Saying you're doing the "right thing" wouldn't be appropriate here. You're doing what you have to do for yourself and your kids.
And congrats on DS' license.
thanks guys. Hey Fro, supposedly he is spending the weekend in Chicago. Sorry!
Wow, very heavy update. I'm glad that you posted. You have our support. You're correct that past problems with DH have made you stronger. Thank goodness he wasn't drinking and getting into an accident, possibly killing someone, when he got arrested. The best news...leaving the cold and snow and moving to warmer weather. Make sure your kids go to a college in a warm climate; then you can join them there!
*thud* Wow. While I'm sorry to hear about all this, I'm feeling optimistic about your future. Sure, it won't be easy for you or the kids, but life with him every day wasn't either.
Congrats to Devon, and in a weird way...congrats to you.
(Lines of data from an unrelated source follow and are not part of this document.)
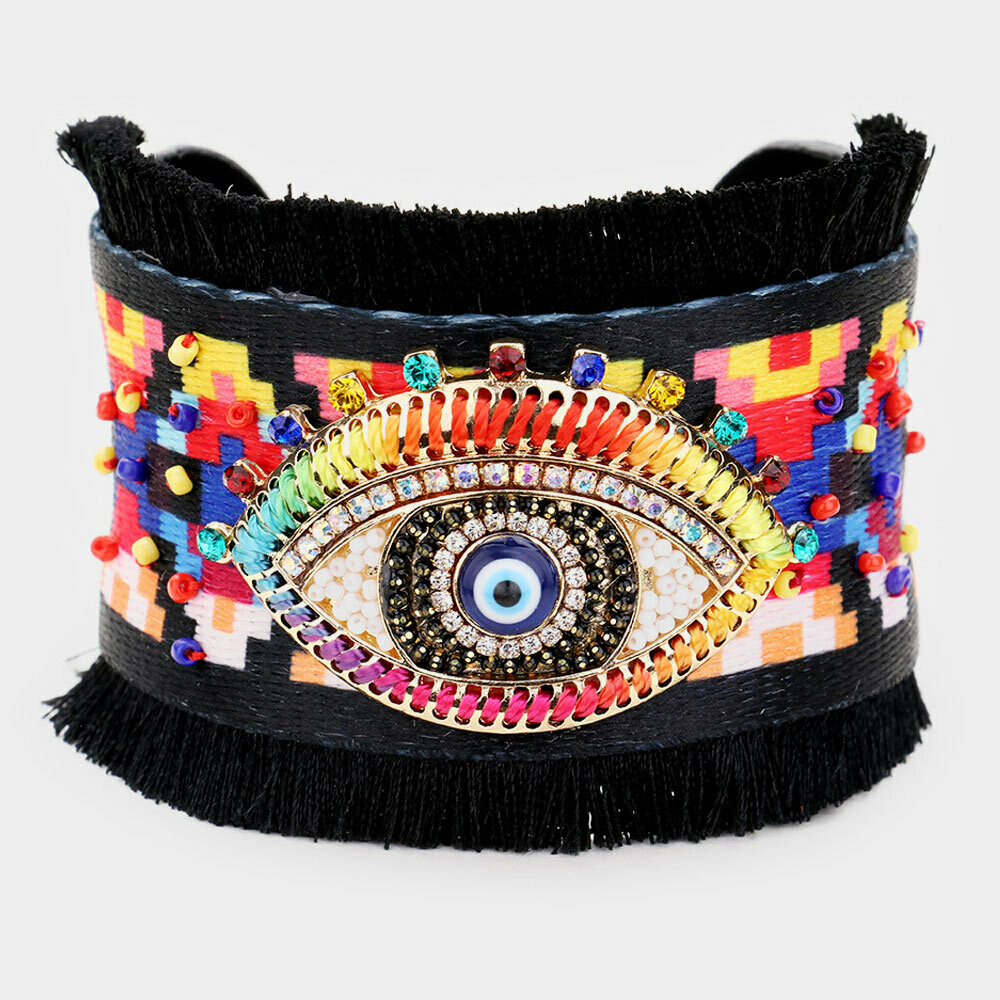 Black Evil Eye Tassel Cuff bracelet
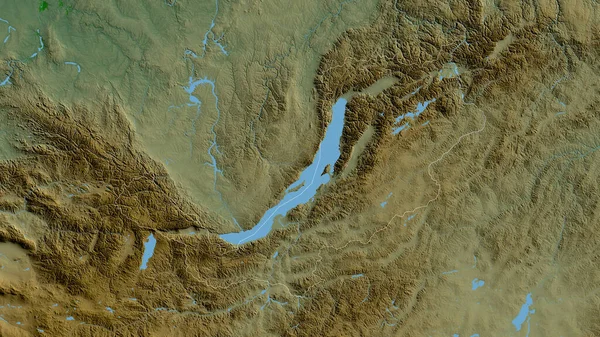 Buryat Republiken Ryssland Färgade Skuggdata Med Sjöar Och Floder Form — Stockfoto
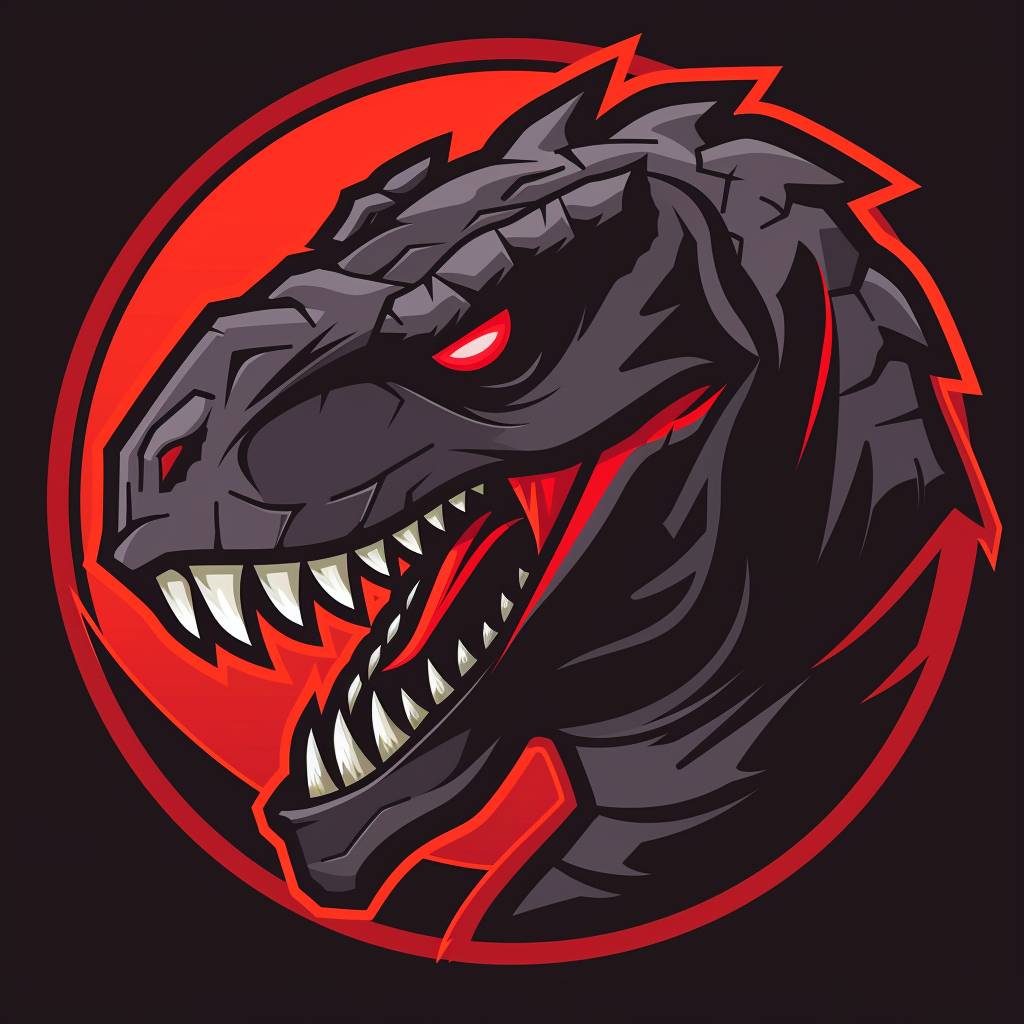 prehistoric monster mascot, logotype, logomark, esports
Break away from that ball and chain, Baby!
I echo what Kim says. You are definitely doing the right thing and you are going to be on a happier path. I'm sending good thoughts your way.
(((hug)))
I'm so sorry you're going through this but hopefully you'll look back on this and know that this was your path to brighter days.
Your children have a lot to be proud of. A wonderful mother who is showing strength in the face of challenge.
Oh gosh, I forgot what picture I had up there. Take no notice please. It's inappropriate under the circumstances.
That's quite the update.
*HUGS*
And Fro said it best, it's great to be strong... but don't be afraid to lean if you need to.